Let us summarise the points so far made with reference to the ‘economic’ motive.
We need not accept any hard and fast (and in the view of the present writer, unsound) doctrine of economic determinism, in order to admit the truth of the following:—
1. Until economic difficulties are so far solved as to give the mass of the people the means of secure and tolerable physical existence, economic considerations and motives will tend to exclude all others. The way to give the spiritual a fair chance with ordinary men and women is not to be magnificently superior to their economic difficulties, but to find a solution for them. Until the economic dilemma is solved, no solution of moral difficulties will be adequate. If you want to get rid of the economic preoccupation, you must solve the worst of the economic problem.

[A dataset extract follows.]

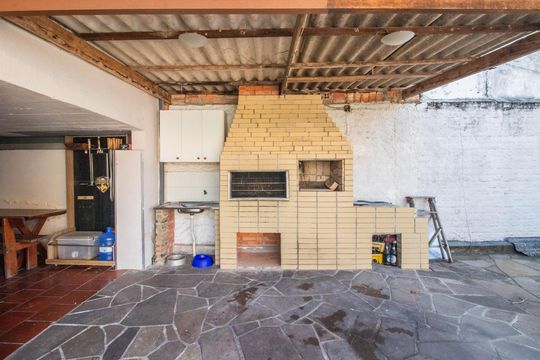 Pátio de casa à venda com 3 quartos, 160m² em Jardim Itu, Porto Alegre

2. In the same way the solution of the economic conflict between nations will not of itself suffice to establish peace; but no peace is possible until that conflict is solved. That makes it of sufficient importance.
3. The ‘economic’ problem involved in international politics the use of political power for economic ends—is also one of Right, including the most elemental of all rights, that to exist.
4. The answer which we give to that question of Right will depend upon our answer to the actual query of The Great Illusion: must a country of expanding population expand its territory or trade by means of its political power, in order to live? Is the political struggle for territory a struggle for bread?
5. If we take the view that the truth is contained in neither an unqualified affirmative nor an unqualified negative, then all the more is it necessary that the interdependence of peoples, the necessity for a truly international economy, should become a commonplace. A wider realisation of those facts would help to create that pre-disposition necessary for a belief in the workability of voluntary co-operation, a belief which must precede any successful attempt to make such co-operation the basis of an international order.
6. The economic argument of The Great Illusion, if valid, destroys the pseudo-scientific justification for political immoralism, the doctrine of State necessity, which has marked so much of classical statecraft.
7. The main defects of the Treaty of Versailles are due to the pressure of a public opinion obsessed by just those ideas of nations as persons, of conflicting interests, which The Great Illusion attempted to destroy. If the Treaty had been inspired by the ideas of interdependence of interest, it would have been not only more in the interests of the Allies, but morally sounder, providing a better ethical basis for future peace.